For after all, I’m part of the media – and little details about somone may say a lot about something: in this case, Johnson’s Downing Street. Some 227,000 people died in Britain with Covid-19 listed as one of the causes on their death certificate. Others are still ill, lost work ande, perhaps especially, lost opportunites to study and socialise which may not come again.
These people and others will find no comfort in the fact that Britain ended up in the middle of the pack – not with “the worst death toll in Europe,” as Sir Keir Starmer used to claim. All the same, did we learn anything important this week that we didn’t find out when Cummings gave evidence to Hunt and Greg Clark’s joint Commons Inquiry in the summer of 2021?
Did anyone really said to themselves on Wednesday? “Wow! I always thought Johnson was efficiency made flesh. The scales have fallen from my eyes!” Has a single mind been changed? I doubt it. But either way, the Inquiry settled down this week, as it was always going to do, to play a game as old as humanity, and for which our culture has a particular bent: the assignment of blame.

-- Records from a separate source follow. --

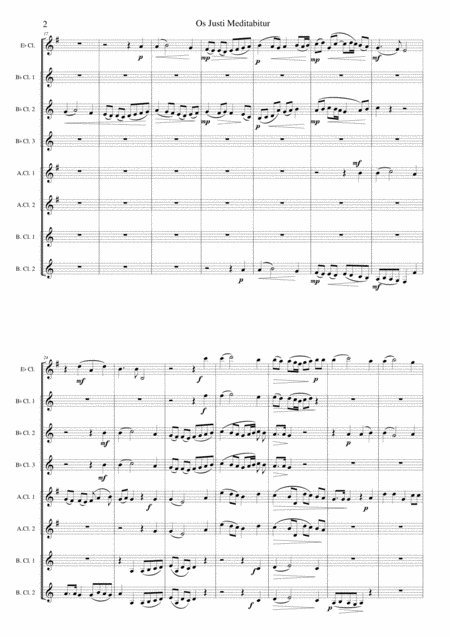 Os Justi Meditabitur For Clarinet Choir Page 2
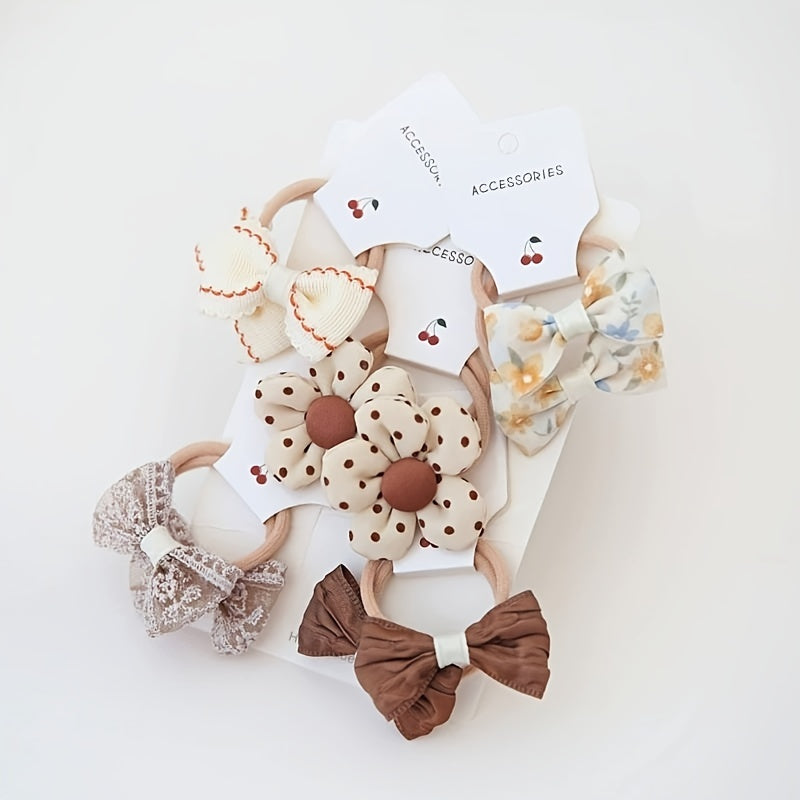 10Pcs Colorful Bow Hair Ties for Baby Girls Toddler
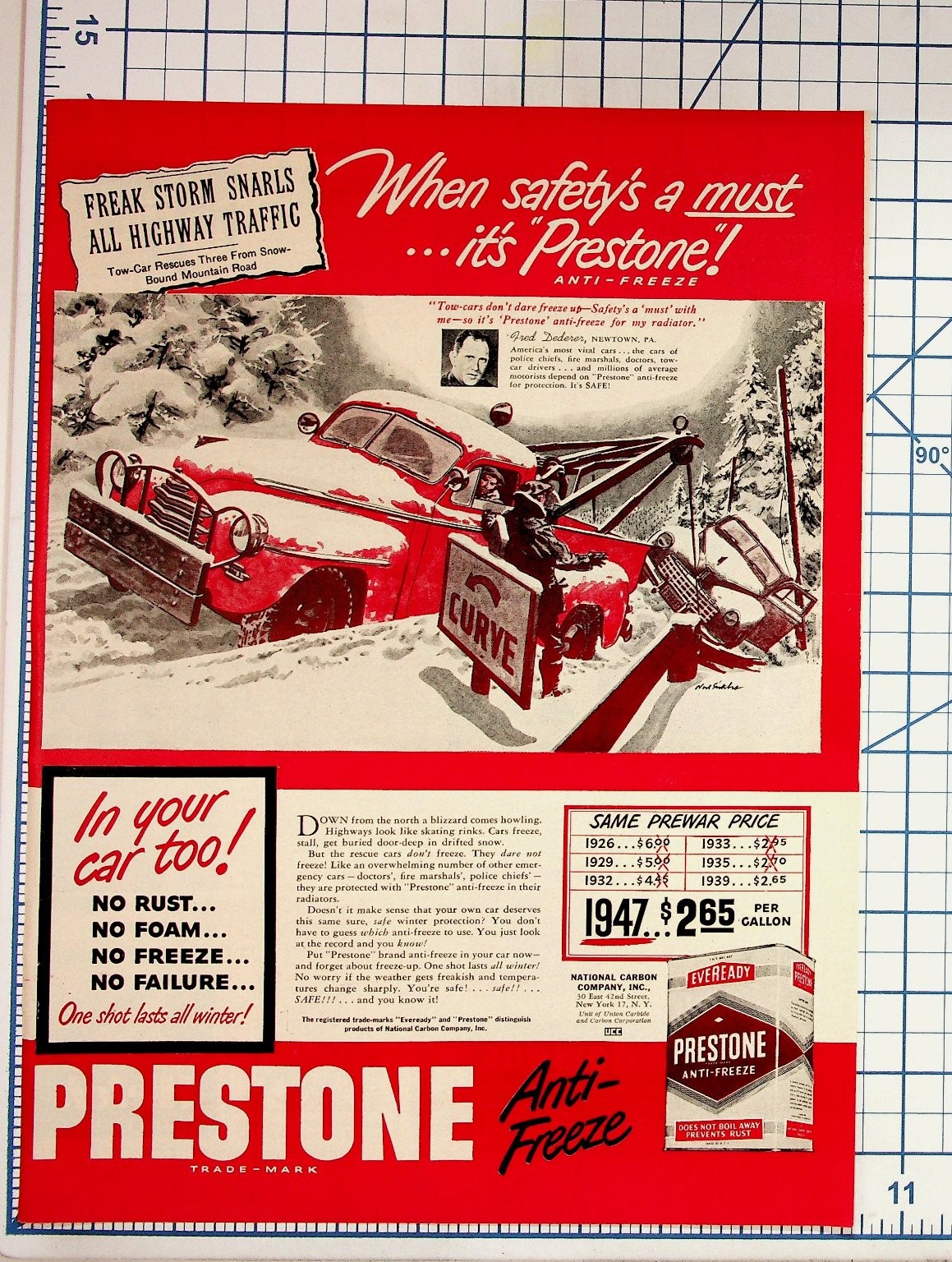 1947 Prestone Anti-Freeze Magazine Ad Vintage Car Snow Tow Truck Ephemera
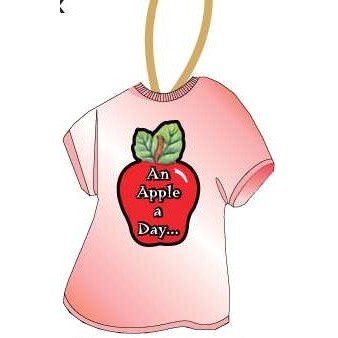 Apple w/ Daily Apple Slogan T-Shirt Ornament w/ Black Back (4 Square Inch)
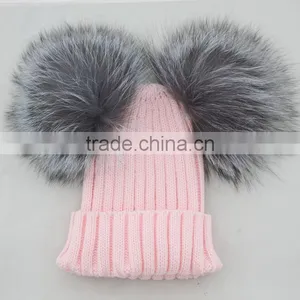 Myfur Bright Orange Wool Beanie With Detachable Double Real Silver Fox Fur Pompoms thumbnail-5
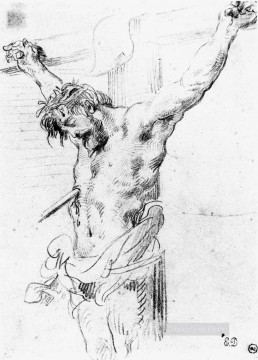 Christ on the Cross sketch 2 Romantic Eugene Delacroix Oil Paintings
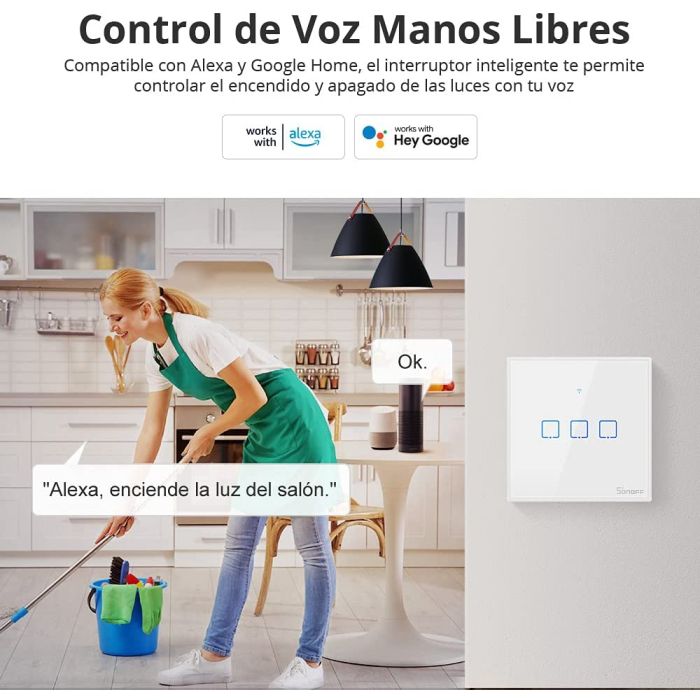 SONOFF pametno stensko stikalo Wi-Fi dvojno T3EU2C-TX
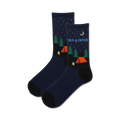 Pair of navy blue crew socks with a camping scene, orange tents, green trees, and stars at night. Text reads 'Out of Office'.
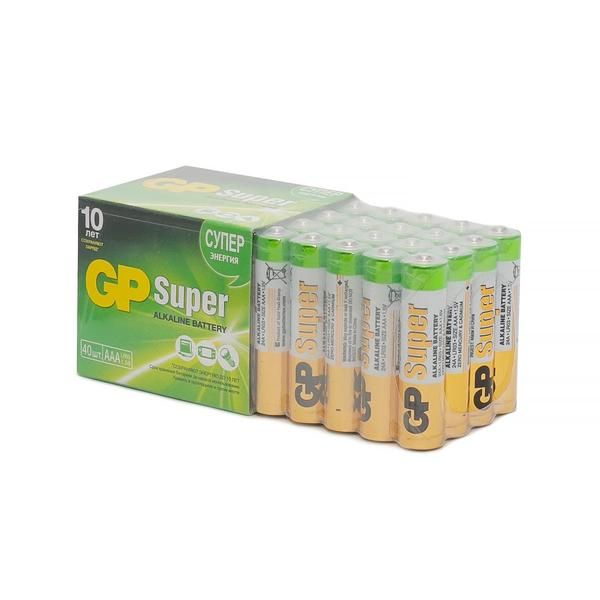 Батарейки алкалиновые 24А ААA Super Alkaline GP/ДжиПи 40шт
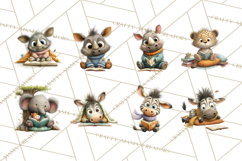 Safari Animals PNG Clipart, Cozy Reading Animals Product Image 3
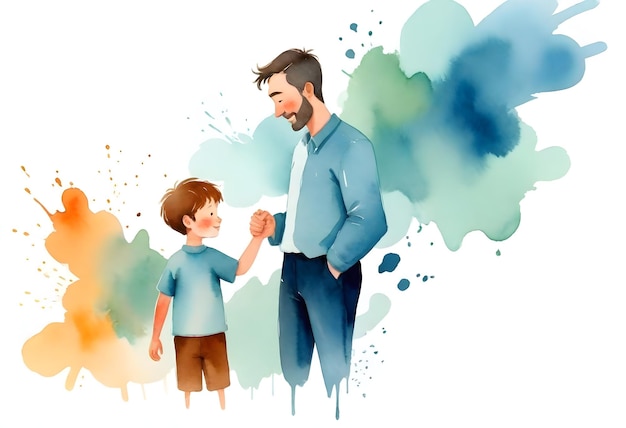 Photo a drawing of a father and son with a blue background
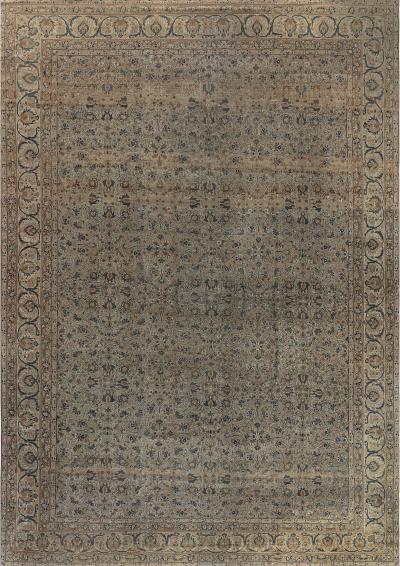 Authentic 19th Century Persian Kirman Handmade Wool Rug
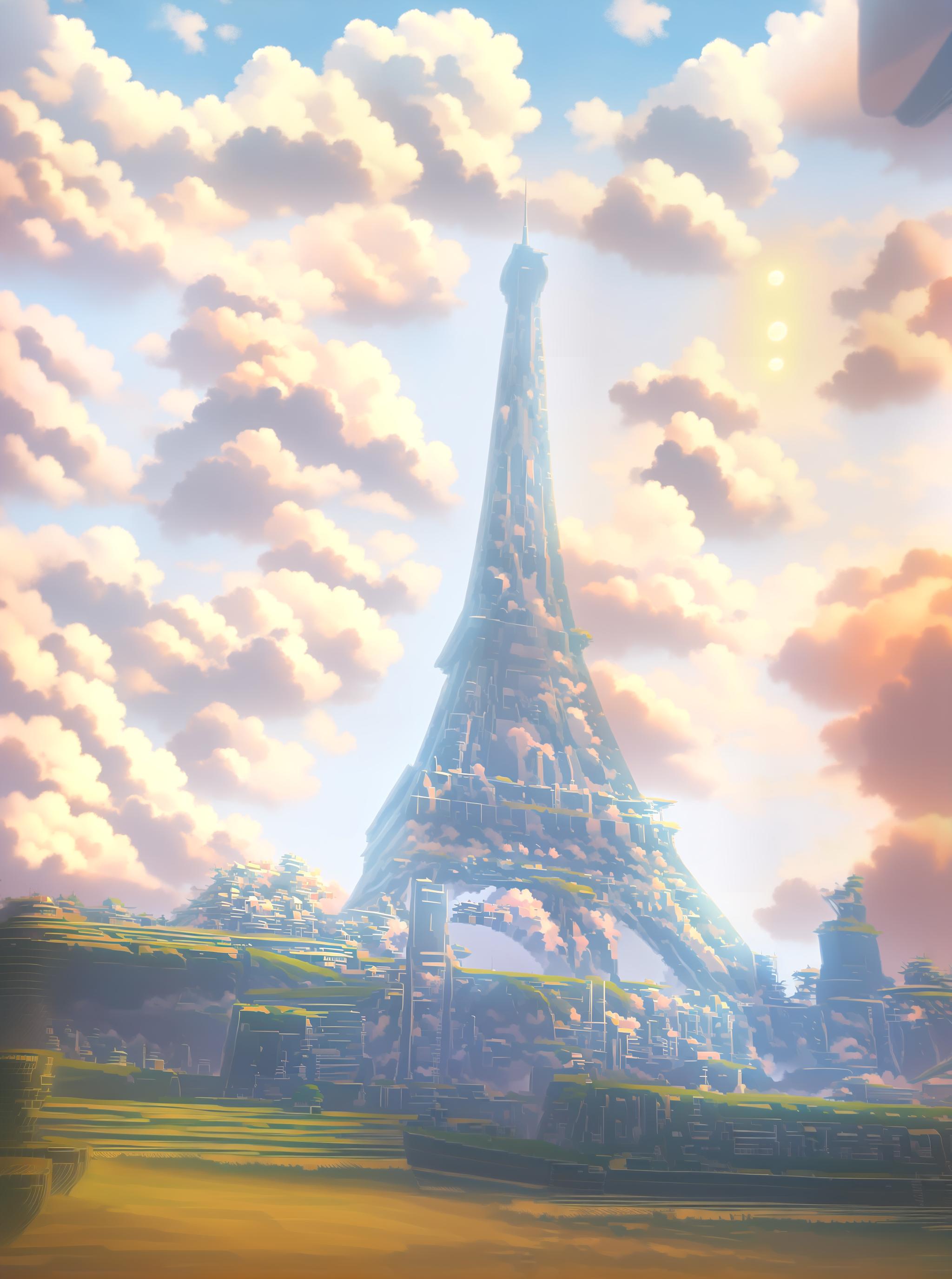  anime screenshot composed of a beautiful scene, studio ghibli style,anime style,clear,sharp, symmetrical, soft lighting, sky, flat colours, sharp, nice lines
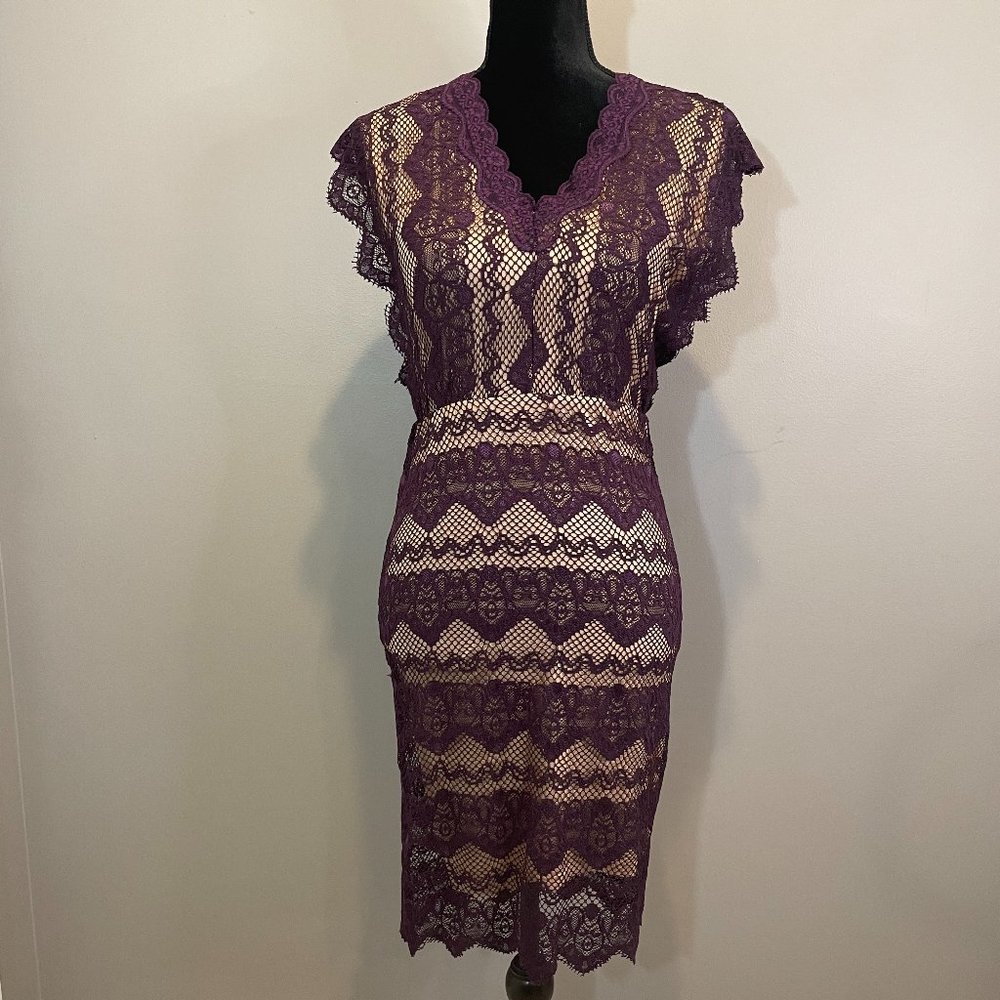 Stella Luce Womens Lined Sleeveless Knit Lace Midi Dress sz L NWOT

It didn’t have to be this way. On ConservativeHome back in 2021, David Davis argued for a two stage process: “the first stage, which could start in October, should report on what the best template is within one year, giving us the best possible chance of dealing with another pandemic whenever it appears. The second stage can (and will) take years, and should review what we did right and what we did wrong.”
So Johnson, Cummings, Hancock et al would still have been hauled before the bar – but after, not before, the most useful part of the Inquiry had taken place. But since it works the other way around, much of what it provided this week was theatre. And some of us have seen this show before: remember how Ed Miliband, when an aide to Gordon Brown, was described as “the emissary from Planet F**k“?
Yes, aides and politicians have been known to swear – unlike all the rest of us, including the Inquiry’s massed ranks of counsel, none of whom have ever let the F word pass their lips. I admit to being startled by Simon Case. “Am not sure I can cope with today”, he texted at one point, as well as “I am going to scream”. Admittedly, such feelings may not be unfamiliar to those who have worked with the former Prime Minister.
But one somehow expects Permanent Secretaries to be austere, donnish, Athenaeum-type figures. At any rate, this week’s proceedings have – if nothing else – served many agendas. Johnson is a villain of the piece, willing the deaths of elderly people. (He was making a rational enquiry, several months into the pandemic, about the policy trade-offs, having nearly died earlier of the virus himself.)
So is Cummings. But wait! He was actually in favour of locking down faster. So the Prime Minister’s former adviser is at fault for different reasons. Nice Johnson wanted to end lockdown, you see. But Nasty Cummings stopped him! (Even though Johnson was actually in charge – a neglected point in this version of history.)
I exaggerate. But only slightly. As Cummings points out, Helen McNamara, about whom he was so horridly uncomplimentary, thinks Number Ten was better when he was in place. He also claims that the Head of Public Health England – “nominally the entity responsible for dealing with Covid “- and the Head of Civil Contingencies in the Cabinet Office are not being called to give evidence.
There is a right-wing entertainment industry. Its most diverting creation is the claim that Liz Truss’ premiership was a success, even if most voters failed to notice it at the time. The Left, which doesn’t tend to do jokes these days, lacks an equivalent.
Or has done so to date. Perhaps the Covid Inquiry is finally providing one. We hurl mud and abuse at here-today-gone-tomorrow politicians and their advisers, while the permanent state flourishes like a green bay tree.